Segment Start: PROVIDED DATA

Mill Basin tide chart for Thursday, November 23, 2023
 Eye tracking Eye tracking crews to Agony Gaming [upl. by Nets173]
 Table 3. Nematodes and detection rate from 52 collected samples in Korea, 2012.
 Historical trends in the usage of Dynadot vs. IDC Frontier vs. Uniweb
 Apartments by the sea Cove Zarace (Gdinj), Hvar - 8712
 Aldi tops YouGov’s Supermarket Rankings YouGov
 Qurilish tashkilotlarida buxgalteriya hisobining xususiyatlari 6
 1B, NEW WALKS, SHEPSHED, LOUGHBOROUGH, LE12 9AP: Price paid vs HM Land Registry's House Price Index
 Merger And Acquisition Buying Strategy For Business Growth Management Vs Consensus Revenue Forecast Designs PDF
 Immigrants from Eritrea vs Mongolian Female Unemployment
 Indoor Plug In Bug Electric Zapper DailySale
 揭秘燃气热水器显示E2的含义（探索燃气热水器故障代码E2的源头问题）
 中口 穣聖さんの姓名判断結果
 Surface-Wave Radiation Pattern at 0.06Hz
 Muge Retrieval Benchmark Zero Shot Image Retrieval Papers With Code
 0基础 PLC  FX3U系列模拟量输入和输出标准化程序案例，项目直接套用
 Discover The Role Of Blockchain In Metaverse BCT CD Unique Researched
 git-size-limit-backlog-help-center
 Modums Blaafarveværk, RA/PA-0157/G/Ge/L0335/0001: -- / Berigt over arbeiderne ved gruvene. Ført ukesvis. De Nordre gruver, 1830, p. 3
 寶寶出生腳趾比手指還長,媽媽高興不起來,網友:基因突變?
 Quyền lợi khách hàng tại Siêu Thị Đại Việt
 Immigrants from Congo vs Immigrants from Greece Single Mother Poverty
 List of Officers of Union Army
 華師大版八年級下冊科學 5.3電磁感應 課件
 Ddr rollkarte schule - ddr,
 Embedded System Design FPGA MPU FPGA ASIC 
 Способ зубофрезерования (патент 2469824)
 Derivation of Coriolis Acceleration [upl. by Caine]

Segment End: PROVIDED DATA

Reproduce, with no other lines, the one containing "揭秘燃气热水器显示E2的含义（探索燃气热水器故障代码E2的源头问题）" and all lines after it through the end of the data above.

→ EXERCISE SOLUTION
 揭秘燃气热水器显示E2的含义（探索燃气热水器故障代码E2的源头问题）
 中口 穣聖さんの姓名判断結果
 Surface-Wave Radiation Pattern at 0.06Hz
 Muge Retrieval Benchmark Zero Shot Image Retrieval Papers With Code
 0基础 PLC  FX3U系列模拟量输入和输出标准化程序案例，项目直接套用
 Discover The Role Of Blockchain In Metaverse BCT CD Unique Researched
 git-size-limit-backlog-help-center
 Modums Blaafarveværk, RA/PA-0157/G/Ge/L0335/0001: -- / Berigt over arbeiderne ved gruvene. Ført ukesvis. De Nordre gruver, 1830, p. 3
 寶寶出生腳趾比手指還長,媽媽高興不起來,網友:基因突變?
 Quyền lợi khách hàng tại Siêu Thị Đại Việt
 Immigrants from Congo vs Immigrants from Greece Single Mother Poverty
 List of Officers of Union Army
 華師大版八年級下冊科學 5.3電磁感應 課件
 Ddr rollkarte schule - ddr,
 Embedded System Design FPGA MPU FPGA ASIC 
 Способ зубофрезерования (патент 2469824)
 Derivation of Coriolis Acceleration [upl. by Caine]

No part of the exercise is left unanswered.